Human pluripotent stem cell differentiation to functional pancreatic cells for diabetes therapies: Innovations, challenges and future directions

• Published in: Journal of biological engineering Vol. 11; no. 1; p. 21
• Main Authors: Jacobson, Elena F, Tzanakakis, Emmanuel S
• Format: Journal Article
• Language: English
• Published: England BioMed Central Ltd 03.07.2017; BioMed Central; BMC
• Subjects: Cell culture; Cell differentiation; Diabetes; Diabetes mellitus; Diabetes therapy; Diagnosis; Differentiation (biology); Embryonic stem cells; Embryos; Endocrine cells; Engineering; Enzymes; Exocrine cells; Exosomes; Fibroblasts; Glucose; Growth factors; Homeostasis; Induced pluripotent stem cells; Innovations; Insulin; Insulin resistance; Islet cells; Ligands; Maturation; Medical innovations; Metabolism; Methods; Organogenesis; Pancreas; Pancreatic differentiation; Pluripotency; Pluripotent stem cells; Proteins; Releasing; Review; Rodents; Stem cell transplantation; Stem cells; Studies; Transcription factors; Transplants & implants; Exocrine cells; Induced pluripotent stem cells; Diabetes; Embryonic stem cells; Pancreas; Pancreatic β-cells; Pluripotent stem cells; Pancreatic differentiation; Endocrine cells
• ISSN: 1754-1611; 1754-1611
• DOI: 10.1186/s13036-017-0066-3

Recent advances in the expansion and directed pancreatogenic differentiation of human pluripotent stem cells (hPSCs) have intensified efforts to generate functional pancreatic islet cells, especially insulin-secreting β-cells, for cell therapies against diabetes.

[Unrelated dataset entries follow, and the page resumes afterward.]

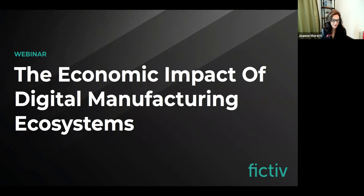Welcome, everyone. Thank you for joining our Economic Impact of Digital Manufacturing Ecosystems webinar. My name is Joanne Moretti, and I am the CEO of J-Curve Digital, and also the Acting or Interim Chief Marketing Officer here at FICTIV.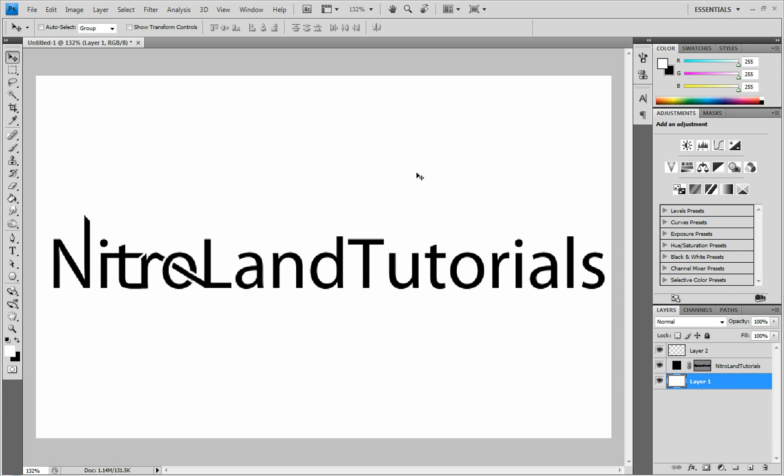NitroLand Tutorials here. Today I'm going to be teaching you how to make custom text by editing the paths.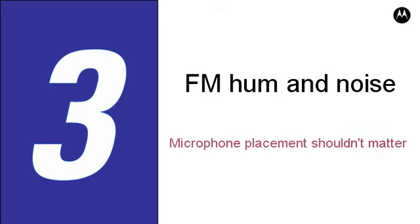Why is this important to public safety users? In a perfect world, a police officer or firefighter would hold the radio's microphone one to two inches from his or her mouth and speak clearly. But that's not what happens in the real world.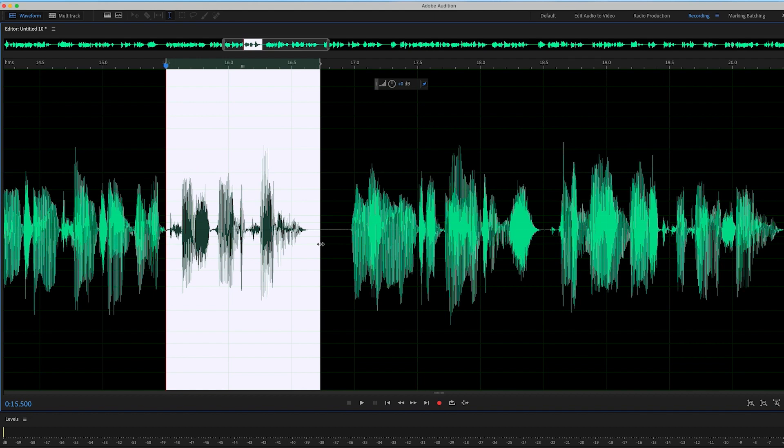So right now I have two options to fix it. I could redo this line, which sometimes I do, or I can use a tool in Adobe Audition to remove it. That's what I'm going to do for this one.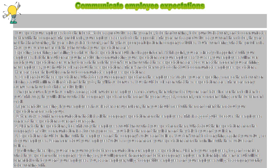Number three: expectations should be in line with the employees' and the company's values and beliefs. You don't want to do anything against your values, and neither do your employees. Learn more about your employees' values so you can frame your expectations from them in line with those values and beliefs.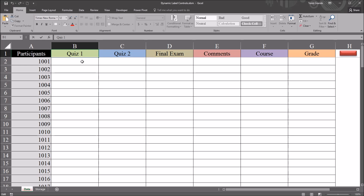Hello, this is Dr. Grande. Welcome to my video on dynamically setting label captions using Excel VBA.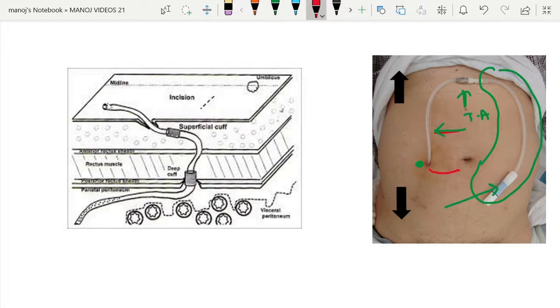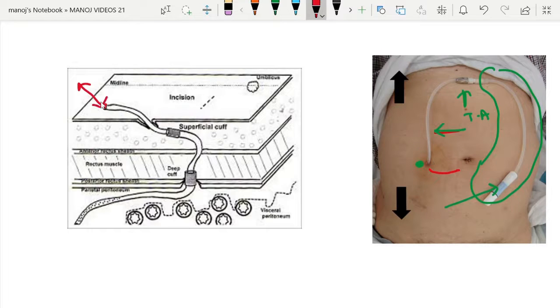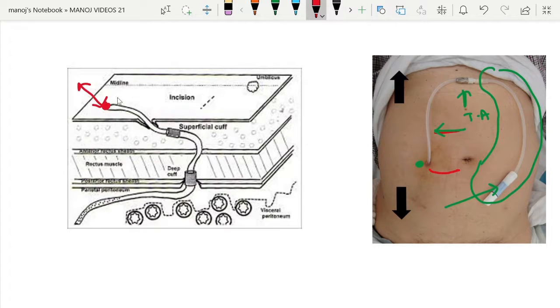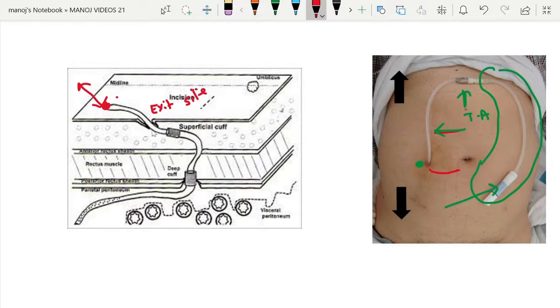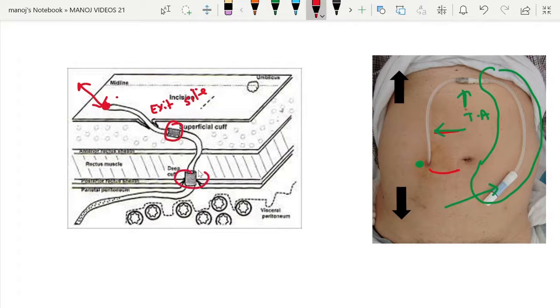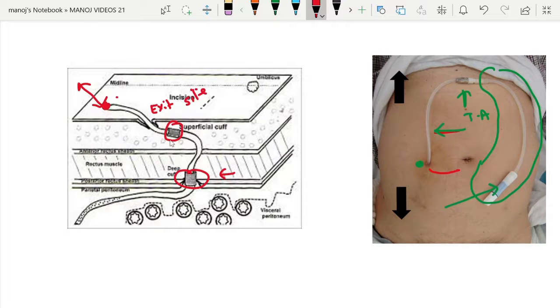Here we can see there are two cuffs. This is the catheter, usually it is 42 centimeters for an adult patient. Here the transfer set is attached in the titanium cap. This is the catheter proper exit site, and there is one cuff over here and another cuff over here.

However, the consistent generation of glucose-responsive insulin-releasing cells remains challenging. In this article, we first present basic concepts of pancreatic organogenesis, which frequently serves as a basis for engineering differentiation regimens. Next, past and current efforts are critically discussed for the conversion of hPSCs along pancreatic cell lineages, including endocrine β-cells and α-cells, as well as exocrine cells with emphasis placed on the later stages of commitment. Finally, major challenges and future directions are examined, such as the identification of factors for in vivo maturation, large-scale culture and post processing systems, cell loss during differentiation, culture economics, efficiency, and efficacy and exosomes and miRNAs in pancreatic differentiation.